In the web UI, open the txt2img tab, enter the text prompt and press Generate to create the image.

Result with default parameters for the prompt “anime girl face”

Use of different models

StableDiffusion has lots of model variants. The model files are in safetensors format and can be downloaded and placed in the models folder for use.

As a first example, download Basil_mix_fixed.safetensors and place it in \stable-diffusion-webui\models\Stable-diffusion. This model file is fine-tuned with realistic texture and Asian faces.

Next, place vae-ft-mse-840000-ema-pruned.safetensors into \stable-diffusion-webui\models\VAE. Variational autoencoder (VAE) is a post-processing technique that can be used to improve the quality of images you generate with StableDiffusion. sd-vae-ft-mse-original is a popular option to correct artefacts on generated face.

Custom model files

Once the model files has been placed, the downloaded model can be used by pressing the refresh mark in the upper left corner of the web UI to select the model from the list box.

Model selection

The VAE model is selected in the settings under in theVAE category.

VAE selection
Result with custom parameters for the prompt “anime girl face”

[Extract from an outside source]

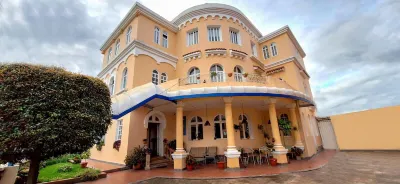 Hotel la Casona Hotels in der Nähe von Pumapungo Museo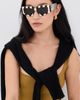 Valentino Valentino Ultra Vintage Sunglasses Ivory-Ivory-Grey One - 3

Installation of ControlNet

With standard StableDiffusion, you can only control the output of illustrations with text. ControlNet allows you to control the output of your illustrations using skeletons, line drawings, and segmentation.

ControlNet can be installed as a plug-in to StableDiffusionWebUI. Install the extensions by specifying https://github.com/Mikubill/sd-webui-controlnet in the Install from URL textbox.

Installation of ControlNet

After installation, press Apply and restart UI.

After restart

A new set of parameters is available inthe txt2img interface.

ControlNet settings

Next, download the model filecontrol_openpose-fp16.safetensors and place it in \stable-diffusion-webui\models\ControlNet in order to constraint the generated image with a pose estimation inference result.

ControlNet custom model file

Return to the web UI and open the ControlNet tab, check Enable and specify OpenPose as preprocessor. Upload any image and press Preview Annotate Result.

Pose estimation result (right) of the input image (left)

Once you have successfully estimated the skeleton, set the model tocontrol_sd15_openpose . If the model does not appear, press the blue reload button.

Set the custom model

Press Generate.

Image generated based on the previous pose estimation result
Result for text prompt “anime girl” + ControlNet Pose Estimation

Constraint by Segmentation

Because segmentation usually contains more information than a simple pose estimation result, let’s contraint our image generation with it.

Same as before, download the model control_seg-fp16.safetensors and place it in \stable-diffusion-webui\models\ControlNet.

Set segmentation for preprocessor and control_seg-fp16 for model.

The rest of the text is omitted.